Several companies are developing this kind of technology, using algorithms to read people’s faces as portals to their brains. One of the companies, Emotient, has a direct lineage to Paul Ekman, who 60 years ago began to study the meaning of facial expressions. Ekman linked different movements of the lips, brow, cheeks and forehead to six distinct emotions: happiness, sadness, anger, disgust, fear and surprise. After spending more than 20 years on the subject, Ekman in 1978 published what he called FACS, or Facial Action Coding System, which categorizes every facial expression. FACS provides a set of standards to decode every natural facial movement, from a slight upturn of the lips to a nose crinkle and an eyebrow dip. After studying the human face and all the ways emotion distorts it, Ekman had classified each derivative of every expression imaginable.

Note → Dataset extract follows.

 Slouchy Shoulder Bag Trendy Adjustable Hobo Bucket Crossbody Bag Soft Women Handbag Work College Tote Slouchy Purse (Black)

A system so comprehensive has to be complicated. For human psychologists or anybody else, it can take years to master. It’s why Ekman himself, now 81, has for 30 years been one of the most sought-after consultants in the world. He has done work for the CIA, the FBI, DreamWorks and Pixar, teaching people at these places the taxonomy of facial movements. When Ekman was developing FACS in the 1970s, it occurred to him that this kind of analysis could one day be packaged into computer code, a collection of algorithms that could recognize every tiny grimace, every eyebrow tilt.

“I absolutely thought it might be possible to automate this, but at that time the computer power just wasn’t available,” Ekman explains to me.

In 1985, while attending a conference on his FACS system in Wales, Ekman met a scientist who had developed one of the world’s first parallel-processing computers. One of the computer’s first applications involved algorithms that recognized human faces at a distance of 50 yards. But when people presented any kind of nonneutral mien, it created enough “noise” that the algorithms no longer recognized them. The noise of people’s emotional expressions consistently foiled the facial-recognition software.

“But that noise,” Ekman says, “was my focus.”

Ekman visited the computer lab in London and experimented with the machine’s power for a week, during which time he was able to program it to recognize several basic facial expressions. Following this experience, Ekman wrote a grant proposal for the National Institute of Mental Health to pursue the work further. But the NIMH told him, succinctly, “We don’t think computers can do what you think they can,” remembers Ekman.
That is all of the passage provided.